#### Exercise instructions:
All the lines below need retyping exactly, apart from the images.

#### Dataset section:
----------
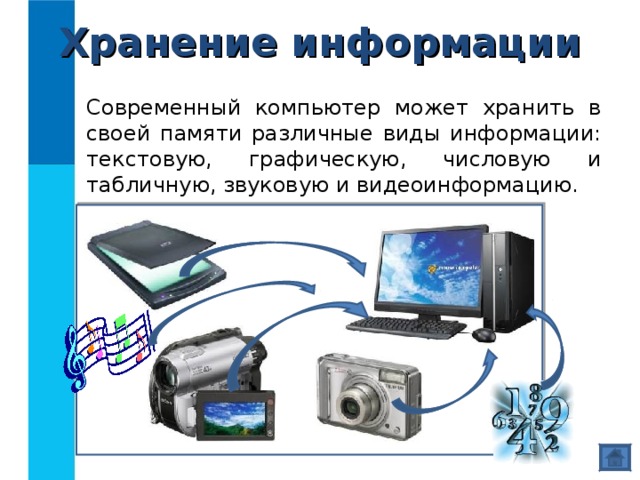 Хранение информации Современный компьютер может хранить в своей памяти различные виды информации: текстовую, графическую, числовую и табличную, звуковую и видеоинформацию. 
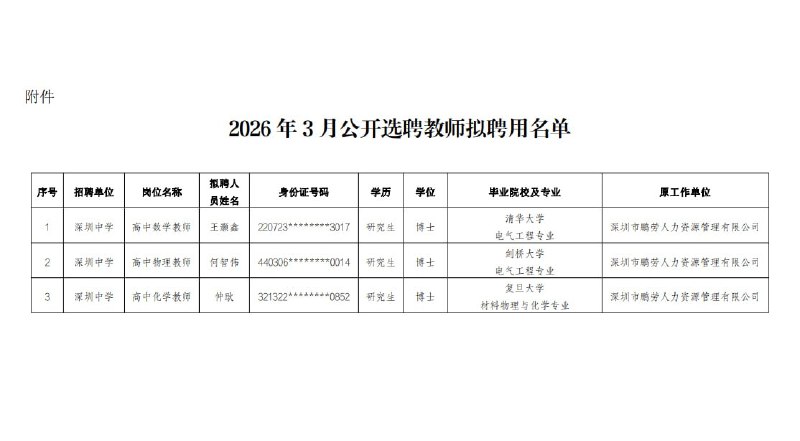 近日，深圳中学公布2026年招聘教师拟聘人员名单，共21人，均为研究生学历，其中博士5人、硕士16人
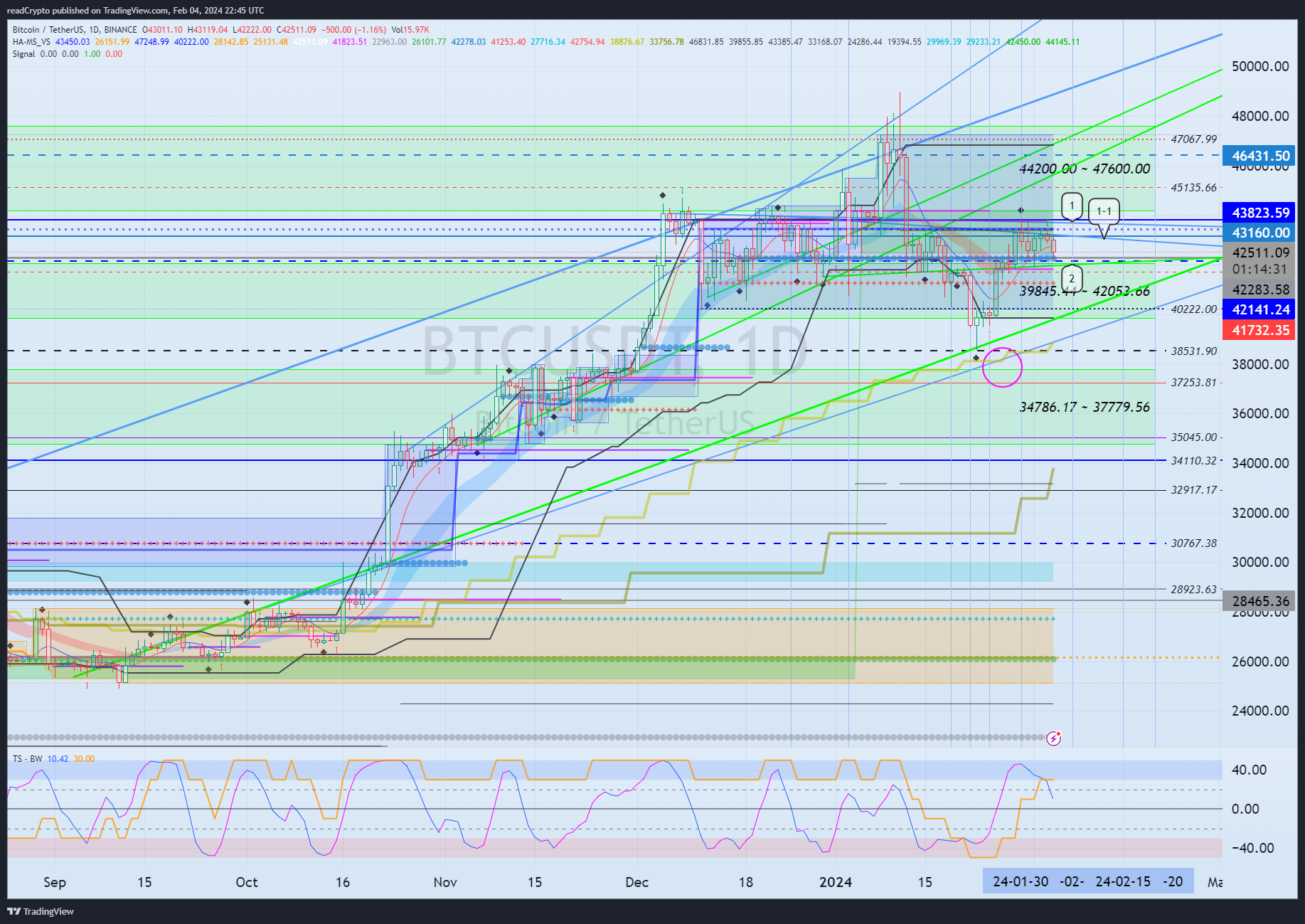 BINANCE:BTCUSDT Chart Image by readCrypto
----------
#### Answer below:
 Хранение информации Современный компьютер может хранить в своей памяти различные виды информации: текстовую, графическую, числовую и табличную, звуковую и видеоинформацию. 
 近日，深圳中学公布2026年招聘教师拟聘人员名单，共21人，均为研究生学历，其中博士5人、硕士16人
 BINANCE:BTCUSDT Chart Image by readCrypto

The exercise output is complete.